» ABOUT THIS EXERCISE
Return every line of the data below exactly, but do not include the images.

START EXTRACTED RECORDS

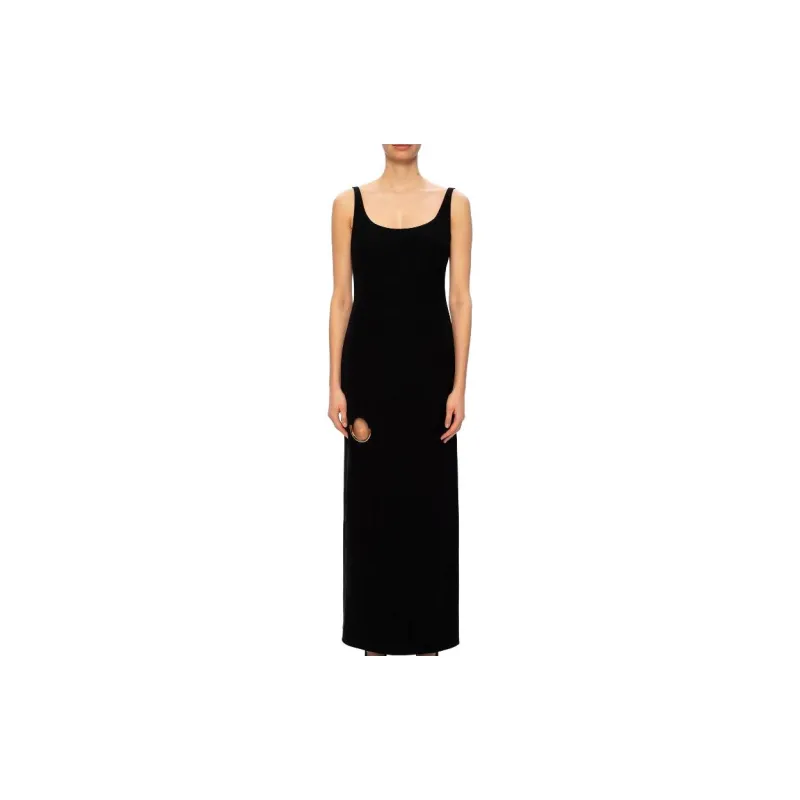 VERSACE Ring Cutout Sleeveless Maxi Dress Black-2
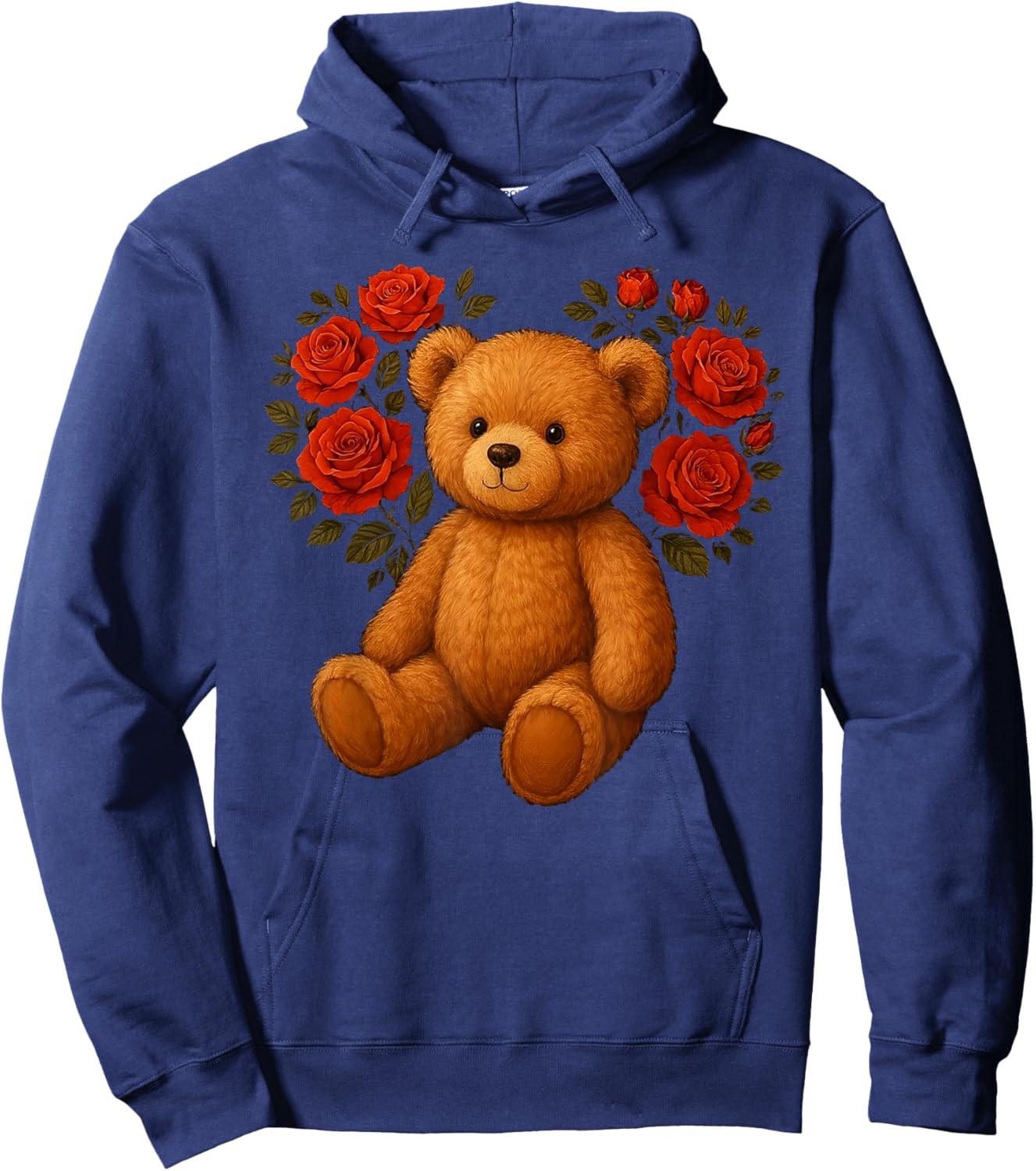 Cute Teddy Bear Valentines Floral Heart Funny Bear Lovers Hoodie - Hoodie | Navy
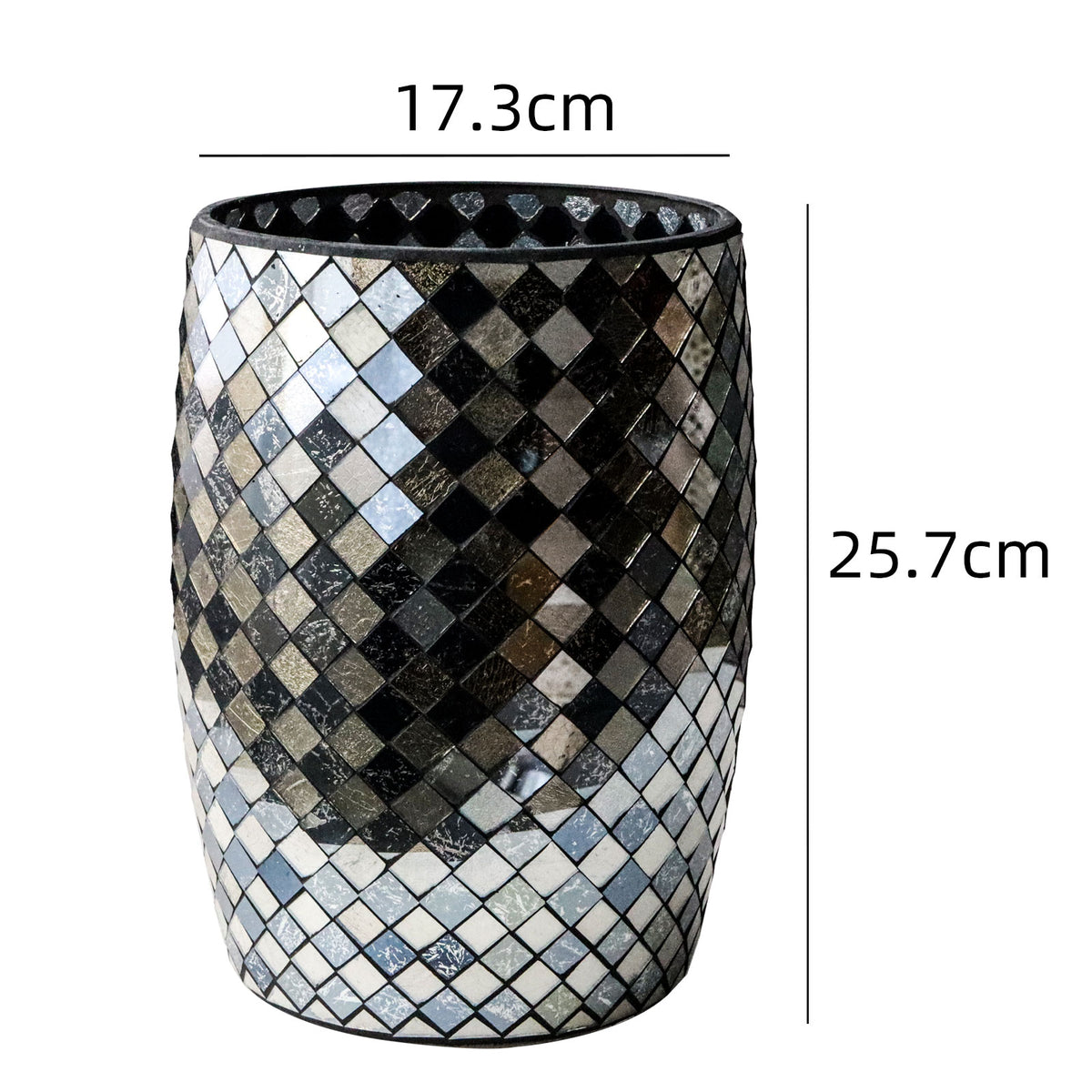 Black & Gold Mosaic Glass Bathroom Trash Can – 5L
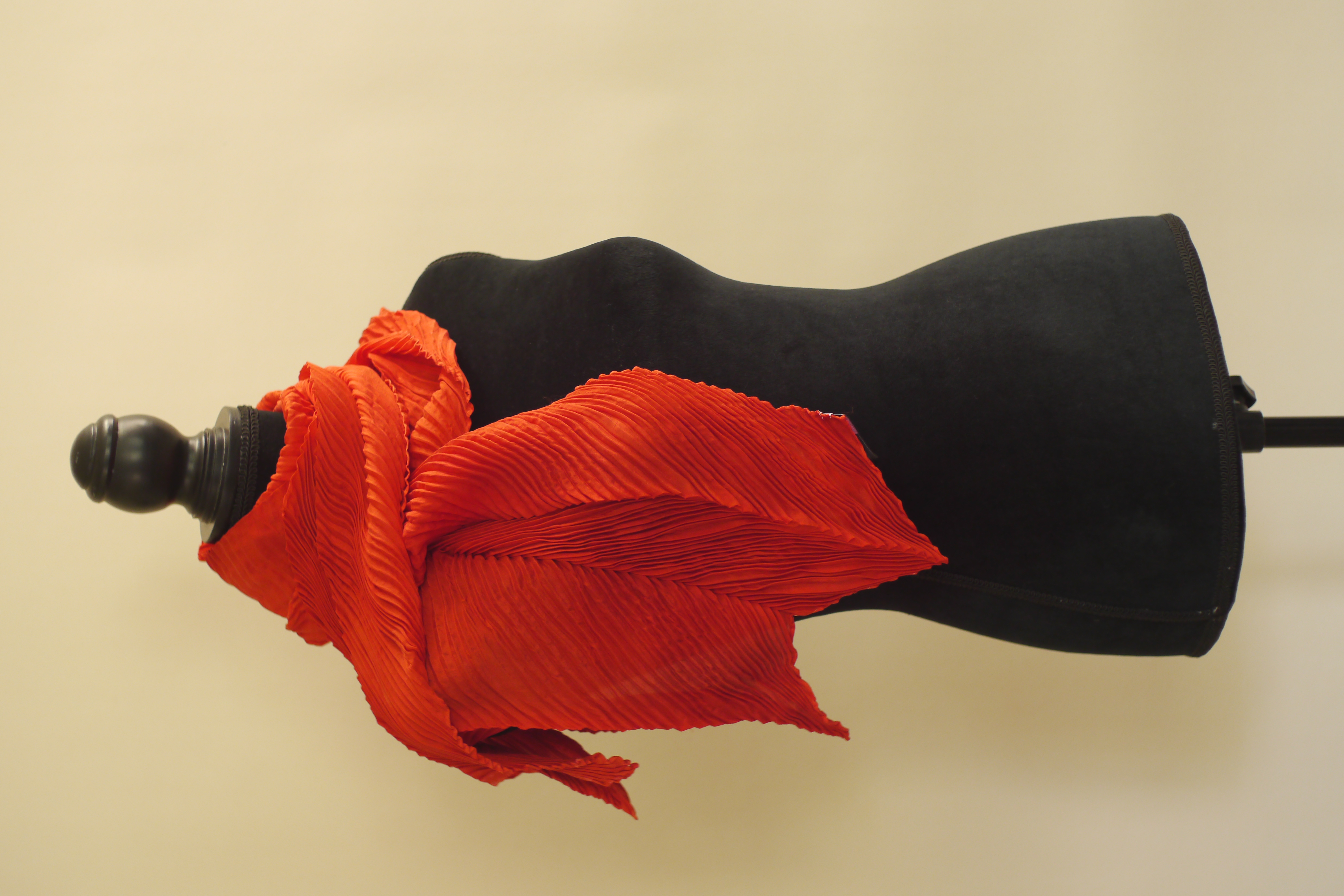 Handmade Blood Orange Arashi Shibori Silk Scarf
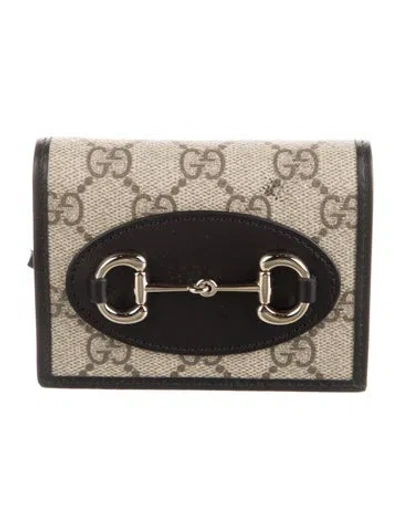 Pre-owned Gucci Gg Supreme Trifold Wallet W/ Tags In Neutral
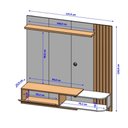 Ver imagem 2 de Painel para TV Rima 50 Polegadas 137,6cm MDP com Porta Nichos Prateleira Cinamomo Off White Bechara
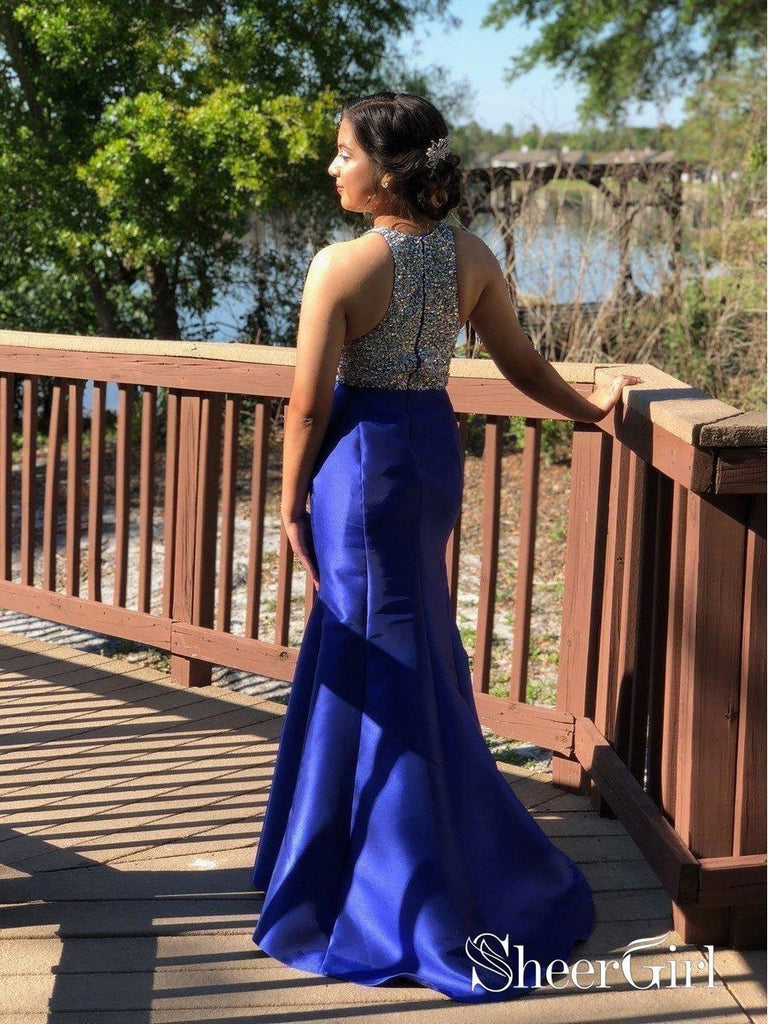 Royal Blue Long Beaded Top Mermaid Prom Dresses Trumpet Pageant Dress |Sheergirl.com SheerGirl Royal Blue Long Beaded Top Mermaid Prom Dresses Trumpet Pageant Dress |Sheergirl.com SheerGirl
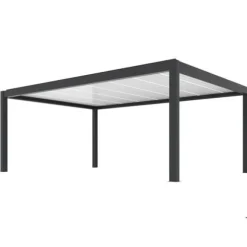 BIOKLIMATISK PERGOLA SOMMAR GRÅ 6X4 SJÄLVSTÅENDE MOTORDRIVEN + LED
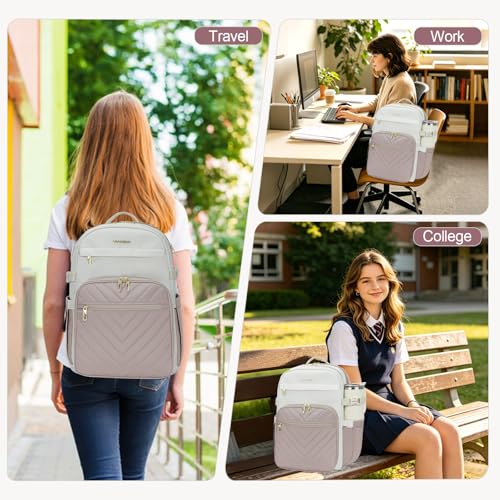 VANKEAN Laptop Backpack for Women (BEIGE-DUSTY PINK, 15.6 Inch) - color: Beige-dusty Pink, size: 15.6 Inch
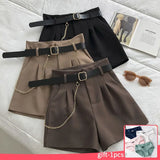 New Summer Women's Shorts Button Solid Color Pocket Casual High Waist Suit Shorts Casual Thin Women Clothing + Send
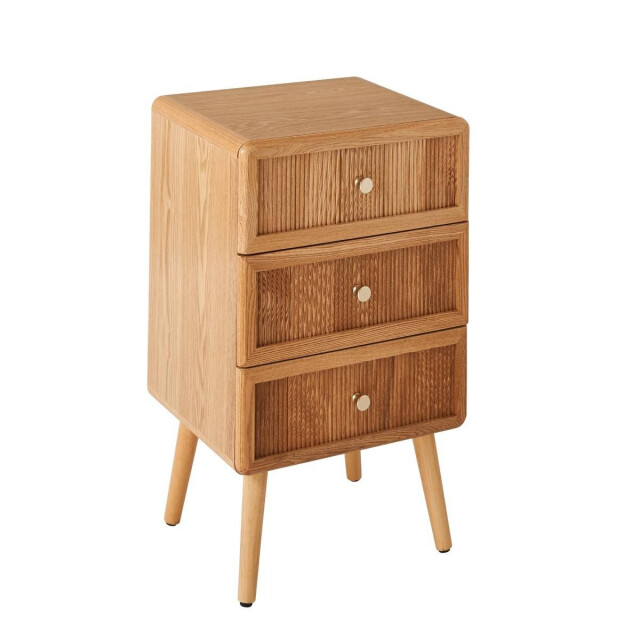 CaliCosy Nachtkastje met 3 lades en latten front h71 cm ava 3245907 large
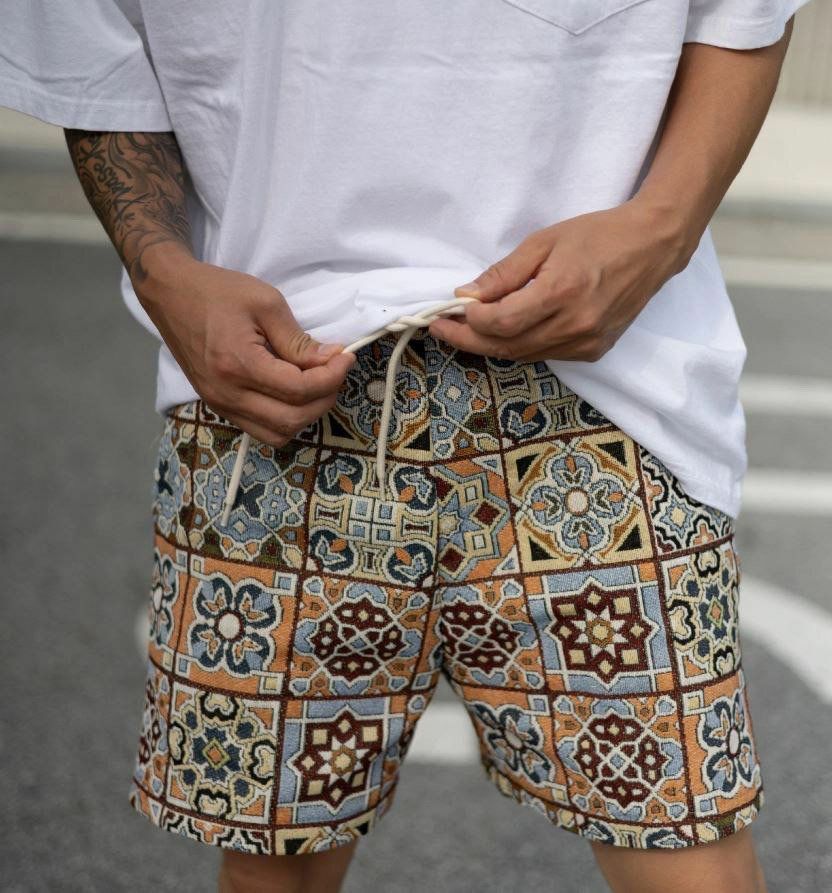 民族花圖案短褲 P2921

END EXTRACTED RECORDS

» EXPECTED ANSWER
 VERSACE Ring Cutout Sleeveless Maxi Dress Black-2
 Cute Teddy Bear Valentines Floral Heart Funny Bear Lovers Hoodie - Hoodie | Navy
 Black & Gold Mosaic Glass Bathroom Trash Can – 5L
 Handmade Blood Orange Arashi Shibori Silk Scarf
 Pre-owned Gucci Gg Supreme Trifold Wallet W/ Tags In Neutral
 Ver imagem 2 de Painel para TV Rima 50 Polegadas 137,6cm MDP com Porta Nichos Prateleira Cinamomo Off White Bechara
 Royal Blue Long Beaded Top Mermaid Prom Dresses Trumpet Pageant Dress |Sheergirl.com SheerGirl Royal Blue Long Beaded Top Mermaid Prom Dresses Trumpet Pageant Dress |Sheergirl.com SheerGirl
 BIOKLIMATISK PERGOLA SOMMAR GRÅ 6X4 SJÄLVSTÅENDE MOTORDRIVEN + LED
 VANKEAN Laptop Backpack for Women (BEIGE-DUSTY PINK, 15.6 Inch) - color: Beige-dusty Pink, size: 15.6 Inch
 New Summer Women's Shorts Button Solid Color Pocket Casual High Waist Suit Shorts Casual Thin Women Clothing + Send
 CaliCosy Nachtkastje met 3 lades en latten front h71 cm ava 3245907 large
 民族花圖案短褲 P2921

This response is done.